A uma primeira vista, o livro de John Gottman intitulado “What makes love last” parece pouco diferente de um qualquer manual de auto-ajuda. Mesmo o facto de ser “Dr.” John Gottman contribui para essa desconfiança, já que os programas de televisão também estão cheios de estrelas instantâneas que são doutores em alguma coisa e que nos entram pelo ecrã dentro com a proposta de resolver vários problemas na nossa vida. Mas, algumas pesquisas depois, lá percebemos que este John Gottman é um senhor com 40 anos de investigação num tema que parece à partida mais passível de ser analisado por poetas do que por cientistas: o amor. A Psychology Today, uma das mais prestigiadas revistas sobre psicologia, chamou-lhe o Einstein do Amor e o trabalho que faz já passou pelos principais meios de comunicação internacionais do New York Times à BBC.
Não era esse o caminho que imaginava para si em criança. A paixão de John Gottman era a matemática - e a psicologia acabou por o levar à matemática (ou vice-versa). O facto é que este austríaco de origem judaica cresceu nos anos que se seguiram à 2ª Guerra Mundial convencido - como toda a comunidade judaica - que Einstein tinha sido o cérebro por trás da vitória dos aliados. “Cresci com a ideia que a matemática era fixe e poderosa”, diz.

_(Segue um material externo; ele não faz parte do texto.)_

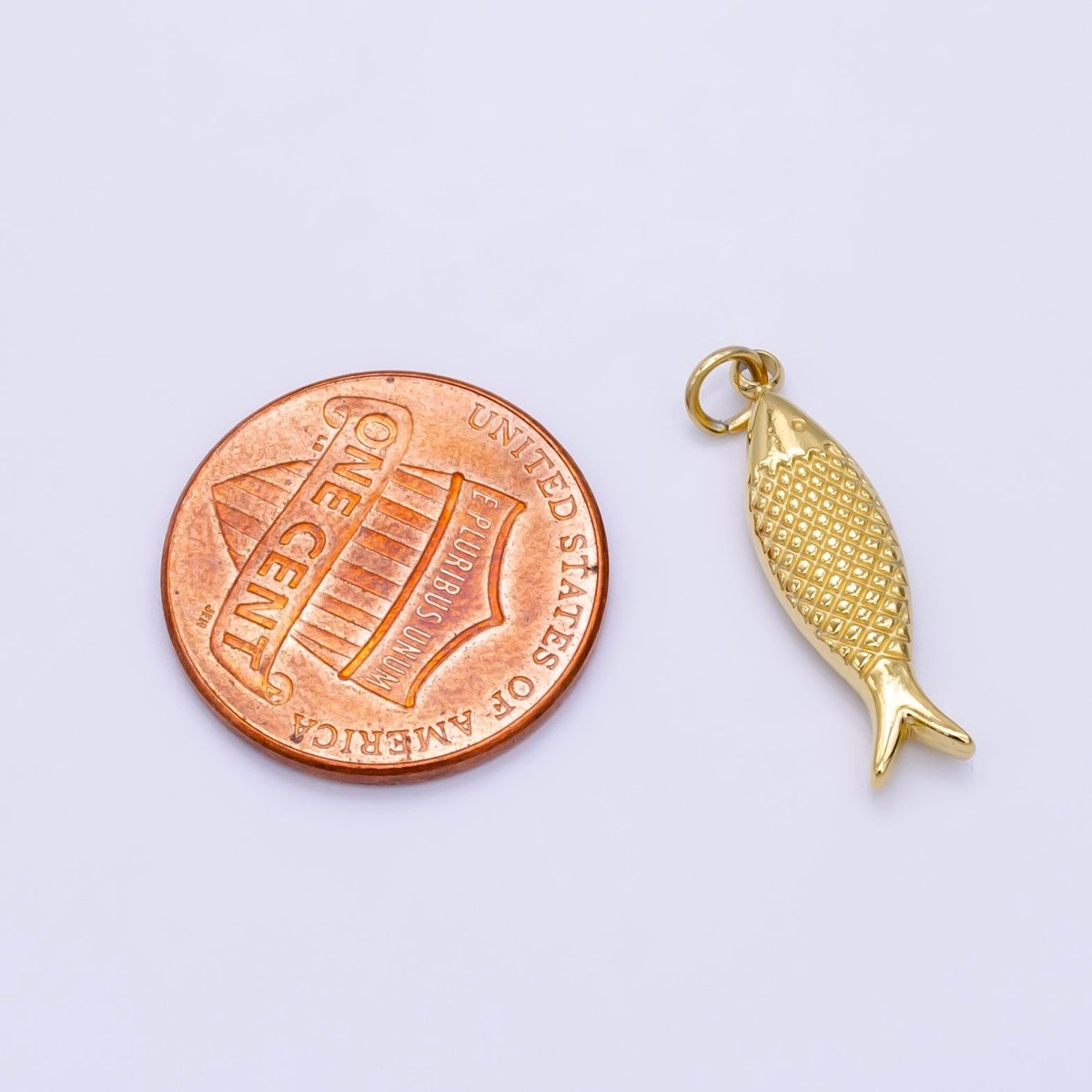 Stainless Steel Scaled Fish Animal Minimalist Charm | P1424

Depois de se licenciar em matemática, John Gottman chegou a ser professor de cálculo e de geometria analítica, dando aulas nocturnas. Conseguiu depois uma bolsa - Woodrow Wilson Fellowship - e foi para o MIT onde se desiludiu pela distância entre a matemática teórica e aplicada. Foi aí que se começou a interessar pela psicologia, reza a história que foi porque tinha um colega de quarto a estudar nessa área. Decide fazer um mestrado em psicologia e posteriormente um doutoramento em psicologia clínica na Universidade de Wisconsin onde se tornou um psicólogo de crianças. É nesta universidade que vai iniciar os primeiros estudos de casais, ainda em modo rudimentar, com recurso apenas à gravação de conversas e posterior visualização. E é também aqui que conhece Robert Levenson, outro professor assistente de psicologia que também estada interessado em tornar mensurável algumas respostas comportamentais. Tornaram-se e mantém-se melhores amigos até hoje.
Mas, voltemos à razão porque escolhemos Gottman para falar de uma das questões mais essenciais do amor: quanto dura e porque dura, mesmo que nos tenhamos habituado a pensar nisto da maneira que canta Sérgio Godinho, o amor dura, se durar, enquanto dura.

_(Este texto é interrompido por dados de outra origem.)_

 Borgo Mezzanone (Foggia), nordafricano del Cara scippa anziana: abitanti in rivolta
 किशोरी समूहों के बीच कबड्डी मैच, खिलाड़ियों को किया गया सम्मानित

"Não vás contar que mudei a fechadura
nem revelar que reclamei dos teus anéis
o amor dura, se durar, enquanto dura
e o vento voa à procura dos papéis"
Os cientistas sociais começaram a estudar o fenómeno do casamento e da separação nos anos 70, uma década em que os divórcios cresceram e começaram as preocupações sobre o impacto nas crianças de famílias que se separavam. A pergunta para a qual procuravam respostas estes cientistas era simples mas complicada: existia algo em comum nos casamentos que falhavam? E se sim, podia ser de alguma forma prevenido?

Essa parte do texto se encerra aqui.